Can't sleep when its right
Sleepy when its bright
Hungry late at night
This feeling I must fight

Monday, October 26, 2009

Fear

Never seems to disappear...

List of fears:
Work
Loneliness
Arguments
Heights
Death
Ghosts
Pain
Cockroaches

Sunday, October 25, 2009

Making sense of the world

I used to think as a child, the world was 'fair'. Men and women were equal.
Both had to go through 'trials of life'.
For men, it was NS; for women, it was giving birth.
Forgive the naivety... its still there.

With this simple mind, I persist in believing the world is good natured.
Believing in choices, I persist in giving others the benefit of doubt.
Giving food and shelter, I persist in generousity.

Alas; I ask, how much is a packet of instant noodle that others are so unwilling to share?
Still, I persist in calling you a friend.

Wednesday, October 7, 2009

Too many similarities amongst all the complexities

I value TRUST
I value MEANING
I value ATTITUDE
I value DISCIPLINE
I value RESTRAIN
I value RELATIONSHIPS
I value MORALS

Its impossible to maintain them all in a lifetime... Which ones have you got remaining?

Wat a hellofaweek it has been...

In 1 week, I have learnt and reflected the following:

I think marriage is a hellofacommitment...
I think assessements should be better planned but not totally banned
I think people's life should be their own problem
I think some people will never understand or know what life is all about
I think love and relationships is not for everyone
I think humans will never triumph evil with good because those that say it will came from the evil side in the first place.

Wat a hellofaweek it has been...

Tuesday, September 22, 2009

What a dream....

Had an incredible dream last night as part of sleeping almost 12 hours.

The details of it would probably crucify me to hell on a moral high ground, although technically, I didn't commit major wrong. Which led me thinking... even in dreams, why do I hold back? Fear? Rationalism? Responsibility? Morals? Values? Which was more dominant?

Things that popped up in the dream: my old hdb flat, in the master bedroom, brother's room but no brother, cousin and uncle, an old maid which we were really attached to, an old friend I liked before. What a weird story it was when all the elements came together. But I liked it... was this my unconscious mind at work telling me something? or just simply, a dream...

Parts of it were wrong... but i liked it. chased it. looked forward to it. Maybe there is where I can hide and let my thoughts run free, but even in it I can't let loose... Why?!!

Saturday, September 19, 2009

Orh!

I have learned to seek my happiness by limiting my desires, rather than attempting to satisfy them. - kaka, 2009

I'm still figuring out how to do this.

Good or bad

How do you determine who is good or bad? If a crook spared your life, was he good or bad? If a doctor maltreated you, was he good or bad?
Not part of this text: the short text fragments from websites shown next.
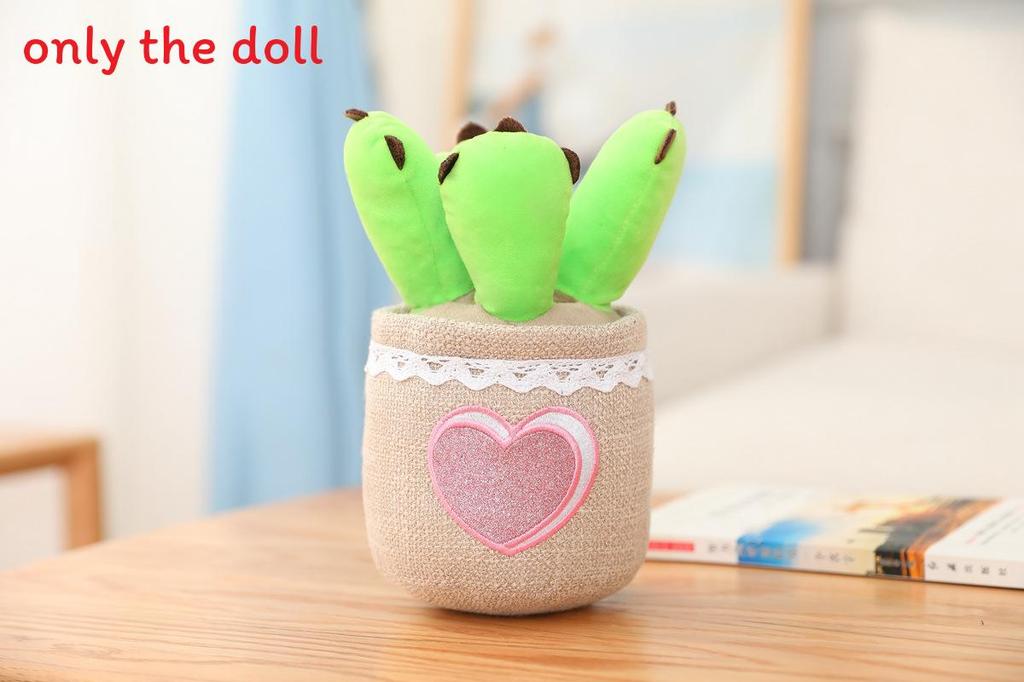 Tulip Mushroom Potted Plush Toy With Pp Cotton Fill And Cartoon Style For Creative Lounge Decor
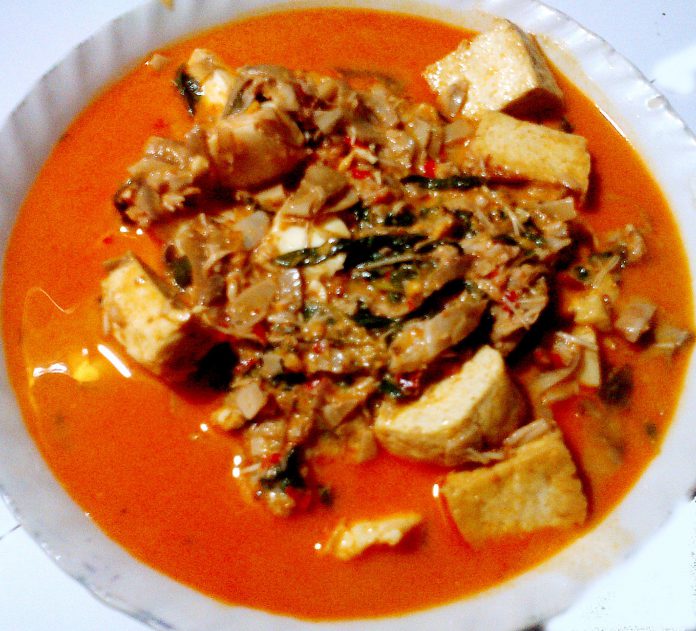 Sayur Janyung Pisang Pedas by Tan May Liang Sayur Janyung Pisang Pedas by Tan May Liang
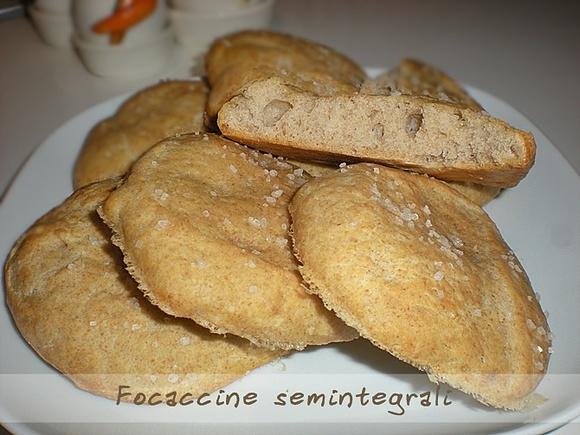 Focaccine integrali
Do we need to feel guilty to our friends?
If someone goes to buy something, and you feel like getting something too but lazy to go, would you ask them to get it for you? If they do get it for you, do you feel some form of guilt towards them?
Conversely, if you were the friend that went to get things for your friend, would you expect to be appreciated? or in that sense, wish them to feel guilty by? Friendship aside, you might not do it for a stranger, so what rules are there to dictate these expectations and behaviour?

If a friend did things for you out of his way, you might feel he treated you well. But what does that transaction actually involve? What are the unwritten rules, if any in the first place? Conversely, if you did things for your friends, would your expectations be the same? 

The issues might seem to be trival but how or what greater law governs these feelings, behaviours and thoughts? Our experiences guide and shape our perception. But what monitors and defines them? How do we implicitly know things we were never taught, had never experienced or not even conciously aware of? Does religion adequately fills this void? Or is there something more? What is it?

Is this the void in which evil, unhappiness, greed and all other unpleasantries of 'pandora's box' originates from? Is this the source and pool in which they reside in? Must human nature encompass this abyss to be complete? Can we function without this void?

Man... I'm tired...

Running away

Had an interesting conversation tonight...

The essence of the topic was perception; specifically, was it necessary to leave SG for my goals? Were my goals necessary in the first place? I always tot they were, but now it seems, i have doubts.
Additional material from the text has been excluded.